RFC 636                                    J. Burchfiel  - BBN-TENEX
                                           B. Cosell     - BBN-NET
NIC 30490                                  R. Tomlinson  - BBN-TENEX
                                           D. Walden     - BBN-NET
                                                            10 June 1974
                                                                       
                   TIP/TENEX Reliability Improvements

                                                                       

During the past months we have felt strong pressure to improve the
reliability of TIP/TENEX network connection as improvement in the
reliability of users' connections between TENEXs and TIPs would have
major impact on the appearance of overall network reliability due to the
large number and high visibility of TENEXs and TIPs.  Despite the
emphasis on TIP/TENEX interaction, all work done applies equally well to
interactions between Hosts of any type.                                

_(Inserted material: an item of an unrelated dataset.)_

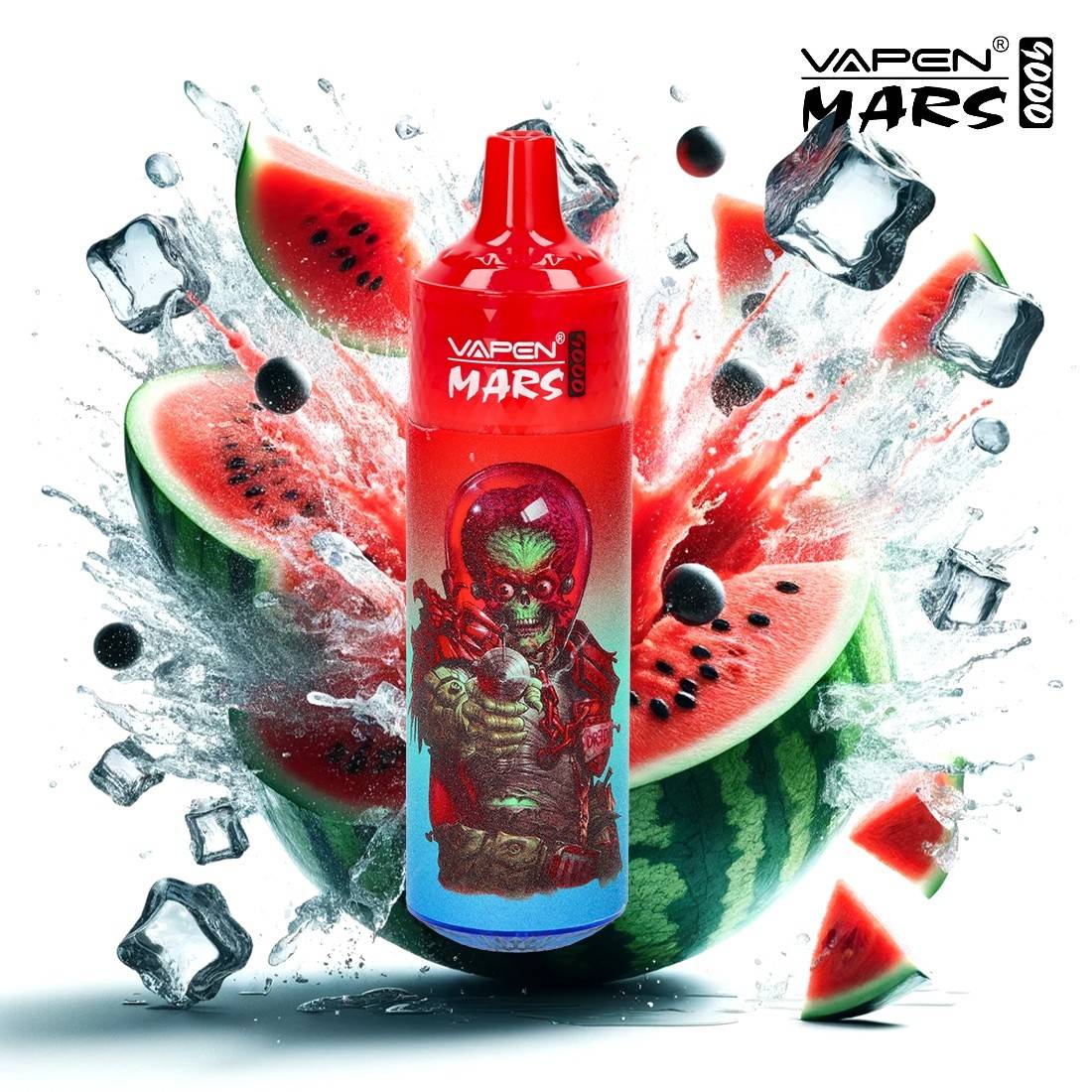 Vapen Mars Pastèque Ice 9000 - Pack de 10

The remainder of this RFC gives a sketch of our plan for improving the
reliability of connections bettween TIPs and TENEXs.  Major portions of
this plan have already been implemented (TIP version 322; TENEX version
1.32) and are now undergoing final test prior to release throughout the
network.  Completion of the implementation of the plan is expected in
the next quarter.                                                      

Our plan for improving the reliability of TIP/TENEX connections is
concerned with obtaining and maintaining TIP/TENEX connections,
gracefully recovering from lost connections, and providing clear
messages to the user whenever the state of his connection changes.     

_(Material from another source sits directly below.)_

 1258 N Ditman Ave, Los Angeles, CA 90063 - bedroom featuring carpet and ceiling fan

When a TIP user attempts to open a connection to any Host, the Host may
be down.  In this case it would be helpful to provide the user with
information about the extent of the Host's unavailability. To facilitate
this, we modified the IMP program to accept and utilize information from
a Host about when the Host will be back up and for what reason it is
down.  TENEX is to be modified to supply such information before it goes
down, or through manual means, after it has gone down.  When the TIP
user then attempts to connect to the down TENEX, the IMP local to the
TENEX returns the information about why and for how long TENEX will be
down.  The TIP is to be modified to report this sort of information to
the user; e.g., "Host unavailable because of hardware maintenance --
expected available Tuesday at 16:30 GMT".                              

The TIP's logger is presently not reentrant.  Thus, no single TIP user
can be allowed to tie up the logger for too long at a time; and the TIP


NWG/RFC# 636                 JDB BPC RST DCW3 MLK 23-OCT-75 22:27  30490
TIP/TENEX Reliability Improvements

therefore enforces a timeout of arbitrary length (about 60 seconds) on
logger use.  However, a heavily loaded Host cannot be guaranteed always
to respond within 60 seconds to a TIP login request, and at present TIP
users sometimes cannot get connected to a heavily loaded TENEX.  To
correct this problem, the TIP logger will be made reentrant and the
timeout on logger use will be eliminated.                              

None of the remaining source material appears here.